The Bromsgrove Sandstones at Bromsgrove (Figure 4.2) are approximately equivalent in age to the fossiliferous horizons at Warwick and Leamington (Walker, 1969; Paton, 1974a; Warrington et al., 1980, pp. 38–9, table' 4). The flora and fauna from Bromsgrove is similar to those from Warwick, and from the Otter Sandstone Formation of Devon, and they assist our understanding of these GCR sites. The fauna comprises arthropods: conchostracans (Euestheria), scorpionid arachnids (Mesophonus, Spongiophonus, Bromsgroviscorpio and Willsiscorpio), annelids (Spirorbis), and a bivalve (?Mytilus). The vertebrates include the shark Acrodus, the perleidid Dipteronotus and the lungfish Ceratodus, as well the capitosaurid amphibians Cyclotosaurus pachygnathus and Mastodonsaurus (Wills, 1916, pp. 2–7, figs 2–4, pl. 2; Paton, 1974a), and reptiles cf. Macrocnemus, Rhynchosaurus brodiei, rauisuchian remains (?including Teratosaurus, 'Cladeiodon'), Bromsgroveia walkeri, a ?prosauropod tooth (Huene, 1908b, p. 242, figs 273a, b; Galion, 1985a; Benton, 1990c), a trilophosaur, a nothosaur (Walker, 1969) and other, undiagnostic, remains. The remains of R. brodiei from Bromsgrove are labelled as having come from 'Wilcox S. Quarry'. The Bromsgrove fauna is associated with a rich flora that includes sphenopsids (horsetails and relatives) and gymnosperms (cycads, cycadeoids, conifers).

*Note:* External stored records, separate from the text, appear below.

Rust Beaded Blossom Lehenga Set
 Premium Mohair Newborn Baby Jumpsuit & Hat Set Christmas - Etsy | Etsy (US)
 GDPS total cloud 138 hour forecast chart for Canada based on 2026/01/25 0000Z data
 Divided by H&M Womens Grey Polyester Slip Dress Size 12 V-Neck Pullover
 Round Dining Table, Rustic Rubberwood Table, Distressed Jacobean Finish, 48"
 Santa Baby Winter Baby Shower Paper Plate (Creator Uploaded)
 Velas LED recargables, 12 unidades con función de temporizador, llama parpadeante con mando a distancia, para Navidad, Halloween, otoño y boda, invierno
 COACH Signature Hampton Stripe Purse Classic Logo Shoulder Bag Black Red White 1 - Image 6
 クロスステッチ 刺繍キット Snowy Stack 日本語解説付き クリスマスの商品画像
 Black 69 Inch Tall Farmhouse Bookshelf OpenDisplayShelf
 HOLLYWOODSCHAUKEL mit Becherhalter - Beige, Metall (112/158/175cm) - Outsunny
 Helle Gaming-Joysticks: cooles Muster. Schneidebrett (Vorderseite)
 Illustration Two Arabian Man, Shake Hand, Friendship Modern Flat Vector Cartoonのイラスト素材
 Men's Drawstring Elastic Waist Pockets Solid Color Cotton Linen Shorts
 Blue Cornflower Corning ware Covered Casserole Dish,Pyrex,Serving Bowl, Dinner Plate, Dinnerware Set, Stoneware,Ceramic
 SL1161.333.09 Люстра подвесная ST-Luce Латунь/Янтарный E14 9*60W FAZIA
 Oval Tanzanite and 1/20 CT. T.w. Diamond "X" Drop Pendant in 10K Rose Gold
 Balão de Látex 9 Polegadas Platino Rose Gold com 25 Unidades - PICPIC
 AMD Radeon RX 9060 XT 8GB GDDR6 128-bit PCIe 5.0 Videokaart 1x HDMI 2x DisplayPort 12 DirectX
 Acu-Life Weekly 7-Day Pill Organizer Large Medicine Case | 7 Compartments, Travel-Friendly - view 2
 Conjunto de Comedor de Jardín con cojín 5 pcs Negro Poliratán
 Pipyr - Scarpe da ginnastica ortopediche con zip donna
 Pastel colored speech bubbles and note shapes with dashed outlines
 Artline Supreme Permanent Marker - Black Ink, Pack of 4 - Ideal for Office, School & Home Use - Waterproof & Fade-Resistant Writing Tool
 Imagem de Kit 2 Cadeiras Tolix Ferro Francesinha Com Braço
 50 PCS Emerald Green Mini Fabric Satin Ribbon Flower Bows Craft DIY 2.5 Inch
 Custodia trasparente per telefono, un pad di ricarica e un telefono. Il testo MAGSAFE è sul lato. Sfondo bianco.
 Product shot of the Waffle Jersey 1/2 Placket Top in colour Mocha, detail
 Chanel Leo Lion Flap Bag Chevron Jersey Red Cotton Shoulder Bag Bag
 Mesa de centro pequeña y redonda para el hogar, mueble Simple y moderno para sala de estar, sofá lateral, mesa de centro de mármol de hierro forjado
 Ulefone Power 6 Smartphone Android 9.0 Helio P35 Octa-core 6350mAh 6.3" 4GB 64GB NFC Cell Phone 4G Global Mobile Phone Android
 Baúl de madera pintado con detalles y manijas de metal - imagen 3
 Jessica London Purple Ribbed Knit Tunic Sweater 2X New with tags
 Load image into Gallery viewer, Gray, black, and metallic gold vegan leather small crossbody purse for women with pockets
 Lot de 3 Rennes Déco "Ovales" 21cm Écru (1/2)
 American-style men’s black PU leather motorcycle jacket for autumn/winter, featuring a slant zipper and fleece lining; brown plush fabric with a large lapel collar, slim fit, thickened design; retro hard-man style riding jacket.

The following Midlands Mid Triassic localities are selected as GCR sites:

  1. Grinshill Quarries, Shropshire [SJ 520 237]. Middle Triassic (Anisian), Helsby Sandstone and Tarporley Siltstone Formations.
  2. Coten End Quarry, Warwick, Warwickshire [SP 290 655]. Middle Triassic (Anisian), Bromsgrove Sandstone Formation.
  3. Guy's Cliffe, Warwick, Warwickshire [SP 293 667]. Middle Triassic (Anisian), Bromsgrove Sandstone Formation.